The key exploitable results from GOFLEX project are the FlexOffer and the GOFLEX integrated system. FlexOffers are a unified way of describing energy flexibility for (dis-)aggregation, optimization and activation. The FlexOffer concept is disseminated in scientific publications and open-source implementations and exploited in commercial products and a spin-out company. The exploitable result of the GOFLEX integrated system comprises technologies for energy management, distribution observability with forecasting, and flexibility trading integrated through FlexOffers. The integrated system is disseminated through workshops, fairs and tradeshows and exploited by introducing the system as a whole and as individual components to the market.

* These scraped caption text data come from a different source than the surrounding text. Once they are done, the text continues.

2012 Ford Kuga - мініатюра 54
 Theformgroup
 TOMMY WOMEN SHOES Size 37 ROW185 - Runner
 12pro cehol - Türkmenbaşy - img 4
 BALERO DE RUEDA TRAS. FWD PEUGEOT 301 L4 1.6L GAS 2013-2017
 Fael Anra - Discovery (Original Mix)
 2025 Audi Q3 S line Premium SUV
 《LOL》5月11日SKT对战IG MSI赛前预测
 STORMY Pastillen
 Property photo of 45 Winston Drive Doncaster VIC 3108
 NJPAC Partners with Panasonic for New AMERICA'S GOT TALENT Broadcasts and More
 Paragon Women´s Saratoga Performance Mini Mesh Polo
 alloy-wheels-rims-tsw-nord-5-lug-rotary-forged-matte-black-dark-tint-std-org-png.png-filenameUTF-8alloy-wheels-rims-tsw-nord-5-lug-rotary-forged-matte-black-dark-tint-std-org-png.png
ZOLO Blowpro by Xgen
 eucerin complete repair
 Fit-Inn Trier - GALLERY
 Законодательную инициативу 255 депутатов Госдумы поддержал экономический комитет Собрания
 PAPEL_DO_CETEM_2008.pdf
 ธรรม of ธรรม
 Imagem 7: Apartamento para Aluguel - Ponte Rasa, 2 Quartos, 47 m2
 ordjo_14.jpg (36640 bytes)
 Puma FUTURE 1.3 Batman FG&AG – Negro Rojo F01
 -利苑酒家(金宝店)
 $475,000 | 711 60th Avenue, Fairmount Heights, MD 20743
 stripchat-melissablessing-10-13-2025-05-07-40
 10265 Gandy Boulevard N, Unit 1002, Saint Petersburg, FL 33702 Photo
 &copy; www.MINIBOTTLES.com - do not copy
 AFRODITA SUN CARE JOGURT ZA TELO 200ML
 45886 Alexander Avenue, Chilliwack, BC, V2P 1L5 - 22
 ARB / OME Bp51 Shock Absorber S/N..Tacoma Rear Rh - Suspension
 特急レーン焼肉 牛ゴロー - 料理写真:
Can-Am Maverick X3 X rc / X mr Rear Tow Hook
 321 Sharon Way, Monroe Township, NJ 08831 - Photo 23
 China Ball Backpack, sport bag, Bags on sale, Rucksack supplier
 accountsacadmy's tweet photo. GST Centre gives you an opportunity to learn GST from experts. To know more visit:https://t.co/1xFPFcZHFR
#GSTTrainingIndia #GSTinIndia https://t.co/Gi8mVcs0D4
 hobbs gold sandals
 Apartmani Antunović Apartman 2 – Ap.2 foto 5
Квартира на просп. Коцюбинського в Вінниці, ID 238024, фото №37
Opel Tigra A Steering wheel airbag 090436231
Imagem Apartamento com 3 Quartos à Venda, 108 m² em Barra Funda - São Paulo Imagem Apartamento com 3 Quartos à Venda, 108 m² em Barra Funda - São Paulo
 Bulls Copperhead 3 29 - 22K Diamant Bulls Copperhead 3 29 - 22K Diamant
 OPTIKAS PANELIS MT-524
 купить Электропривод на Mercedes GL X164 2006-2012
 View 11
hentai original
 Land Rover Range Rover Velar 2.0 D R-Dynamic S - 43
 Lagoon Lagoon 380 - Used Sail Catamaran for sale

Several elements of GOFLEX activity show progress beyond the state of the art. Developments in automatic extraction, aggregation, and trading of flexibility along with improved distribution observability represent new contributions beyond current capability. For automatic aggregation and trading the project has integrated and the technology of energy trading for a variety of prosumer types. Automatic trading required advances across involved technologies ranging from extracting flexibility based on usage patterns to optimizing where to apply flexibility considering cost and benefit. In distribution observability, a new machine-learning approach overcome the limited availability of grid topology data and the typical sparseness of sensor data at the demonstration sites. These advances are essential for adapting energy loads and incorporating more renewables.

The contributions GOFLEX makes to the state of the art should create socio-economic impact and wider societal implications in the form of a transformed energy market where final consumers play an active part. In order for consumers to play this active part, surveys of prosumers participating in GOFLEX found that the technological solutions should be reliable and secure above all else. This baseline enables energy management technologies to highlight waste and inefficient behaviors. It also allows distribution system operators to gain real-time trading of load flexibility and improve observability of energy demand, generation, and flexibility at a local level. Taken together these advances can transform the markets for generation, delivery, and consumption of energy.